La más llamativa de las tres, una muñeca rubia con un cardado que no tenía nada que envidiar al de Jon Bon Jovi, en un gesto de verdadera arpía, exageró su reacción tras un leve roce de Urtubi y enseguida dos caballeros engominados acudieron al rescate. Habría sido un gran momento para romperle a uno mi botella de cerveza en la coronilla y reducir al otro con un golpe en la nuez, pero permanecí inmóvil, en parte porque confiaba en el instinto de supervivencia de mi amigo y en parte porque el pánico a que aquellos mastuerzos abultaran mi rostro a hostias me impedía cualquier movimiento que no fuera apretar la birra y sonreír con apariencia de distracción. Urtubi no reaccionó con violencia sino con una resignación que despistó a los matones. Lo acompañaron hasta la puerta, más por asegurar su expulsión que por amabilidad. Desde el mostrador, y a través del enorme ventanal del local, vi que se iba sin mirar atrás o hacer amago de buscarme. Puede que ni recordara que habíamos llegado juntos a ese bar.

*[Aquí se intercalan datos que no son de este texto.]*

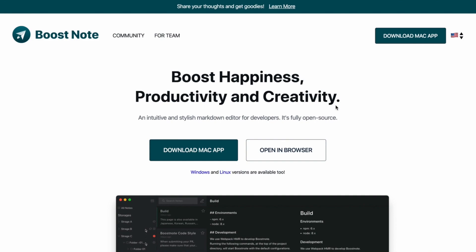Hi! It's Elle from BoostNote. This tutorial is about how to change the view mode with the buttons on the toolbar. I already posted a couple of tutorials on this channel, so check them out if you are interested. I put the links in the description below.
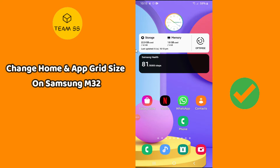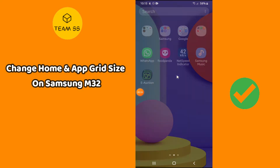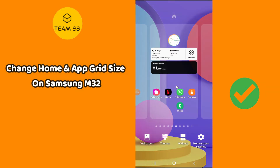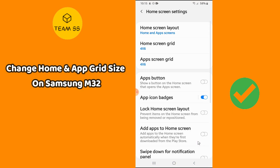To change home and app grid size on Samsung Galaxy M32, first of all you need to go to Settings. Simply tap for 2 seconds on the screen to open the Settings menu, and then follow every single step as I am showing you in this video.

Las bellísimas arpías recuperaron el espacio que necesitaban para minibailar sin hablar entre ellas, los caballeros del Zodiaco recobraron su lugar en el mundo y en el Costa Azul pusieron Mil Calles Llevan Hacia Ti.

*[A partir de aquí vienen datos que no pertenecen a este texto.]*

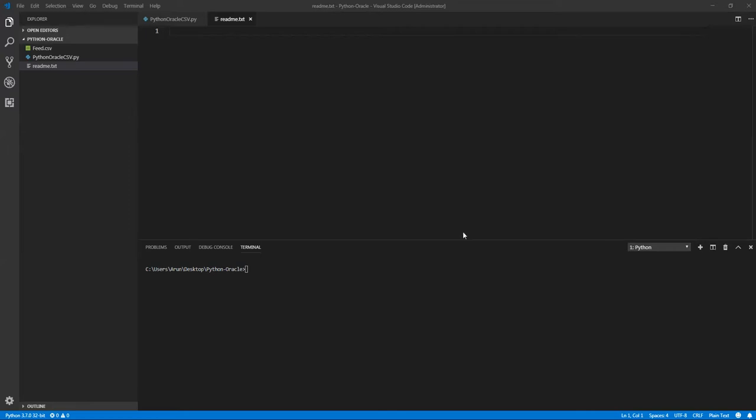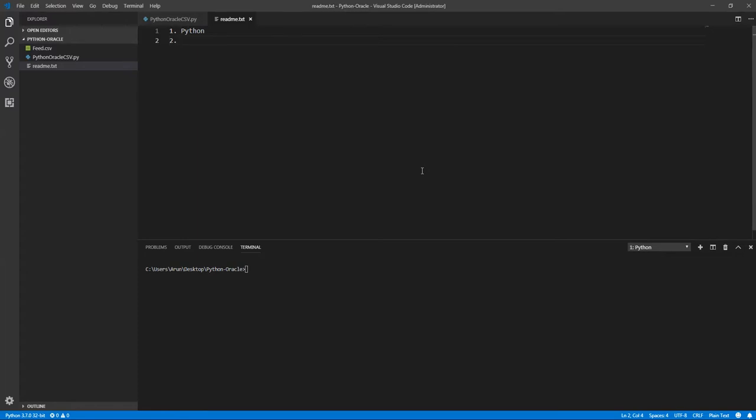Let me tell you first what are the things which we need. First thing: Python should be installed in your machine. These things are prerequisites. Then Oracle database, and third, a CSV file. Either you can use MS Office CSV or you can use Google Doc CSV or Linux Office CSV.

Y yo, acodado en la barra con cara de gilipollas, me quería morir.

Me habría ido de aquel infierno, pero tenía la muy flexible obligación de esperar a Bosco y un motivo aún más irrebatible: una cerveza casi entera. Más relajado, comencé a fijarme en los detalles del local. Podía hacerlo con tranquilidad porque nadie reparaba en mi presencia. Sonaba No Me Importa Nada, de Luz Casal.

Las mujeres lucían mejor aspecto que en mis bares habituales, parecían mejor alimentadas y más saludables, pero algo en su llamativa artificiosidad las hacía distantes e inaccesibles. No en plan misterioso, como a ellas les habría gustado, sino como si fueran miembros de otra especie inconciliable con la nuestra, sobre todo a nivel de cópula. Parecía que, además de una atroz falta de interés por el sexo, tuvieran esporas en lugar de orificios, yo qué sé. Estaba tan cómodo en mi papel de observador imparcial que la borrachera retomó posiciones para disparar de paso mis delirantes ensoñaciones. Me imaginé con un chaleco caqui lleno de bolsillos, mirando por unos prismáticos y tomando notas en un cuaderno de campo, como si la barra fuera un puesto de observación ornitológica y yo, Aurelio Pérez, el naturalista que salía en El Hombre y la Tierra junto a Félix Rodríguez de la Fuente. Aplicando mis conocimientos sobre cetrería, podría entrar en el Costa Azul con un bello halcón peregrino sobre mi alzado brazo izquierdo, lo libraría de la caperuza de cuero que cubre su cabeza y lo soltaría en el bar para que, en lugar de liebres, me cazara rubias de mentira, morenas agresivas, pelirrojas de fuego y alguna calva de vez en cuando, por qué no.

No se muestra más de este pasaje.